*Work item*
Could you print the stretch of lines below from the one with "LARGE family home gallery image 2" through the one with "Estados Unidos intercepta", exactly as they stand and without any pictures?

*Data shown*

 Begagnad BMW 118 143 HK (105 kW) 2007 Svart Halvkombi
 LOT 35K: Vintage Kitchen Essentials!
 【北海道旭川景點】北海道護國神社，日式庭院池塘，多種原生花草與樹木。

* * *

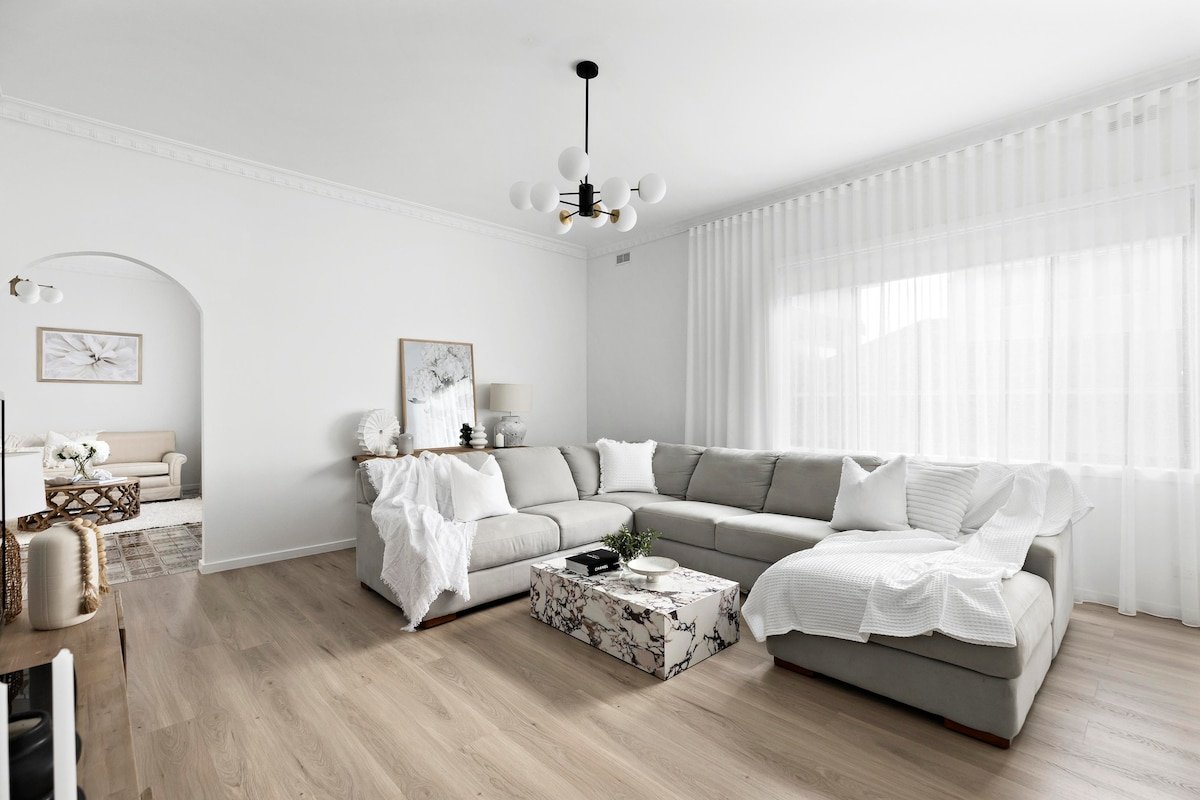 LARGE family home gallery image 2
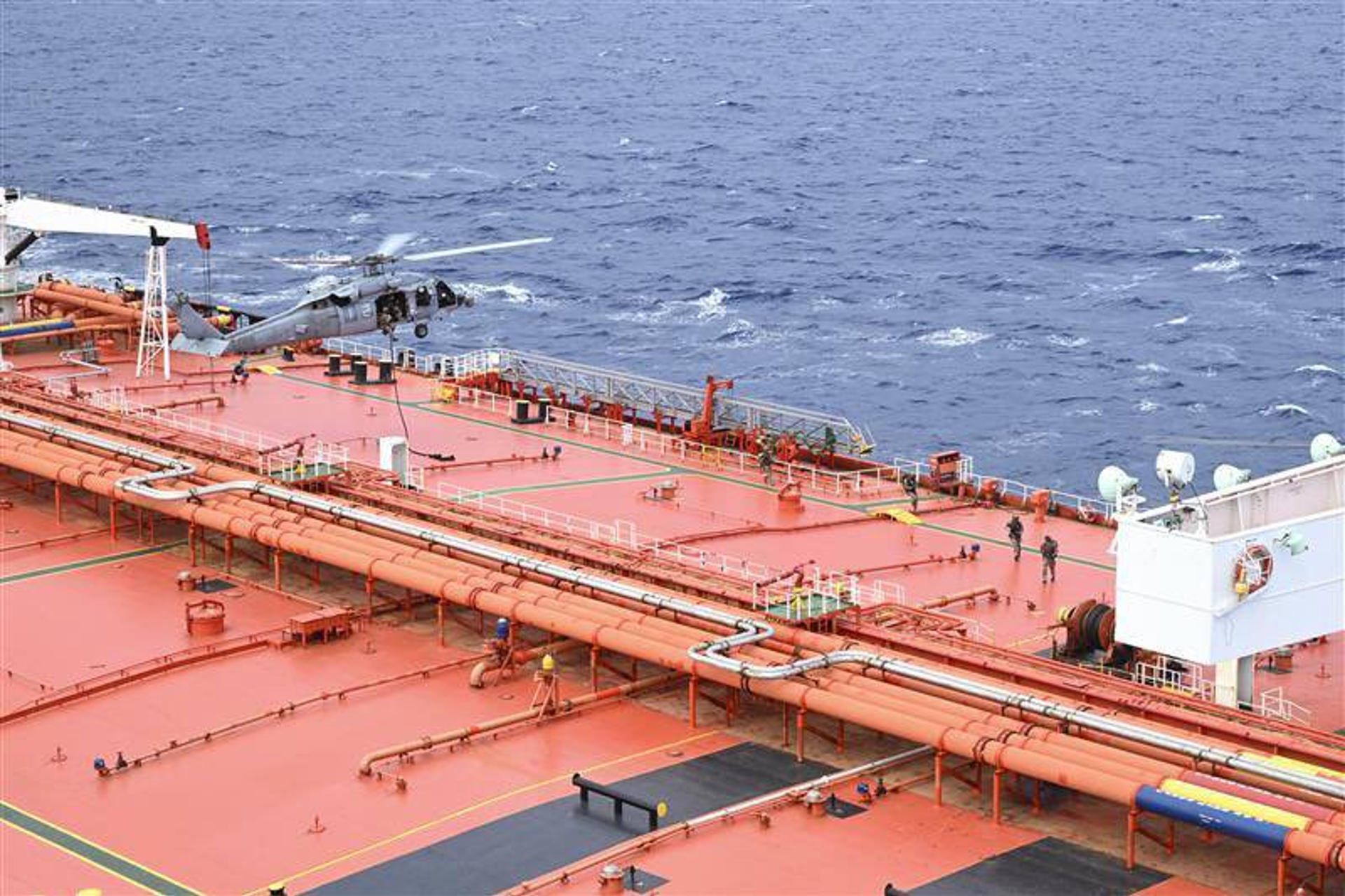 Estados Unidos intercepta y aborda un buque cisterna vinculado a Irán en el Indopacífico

*Completed exercise*
 LARGE family home gallery image 2
 Estados Unidos intercepta y aborda un buque cisterna vinculado a Irán en el Indopacífico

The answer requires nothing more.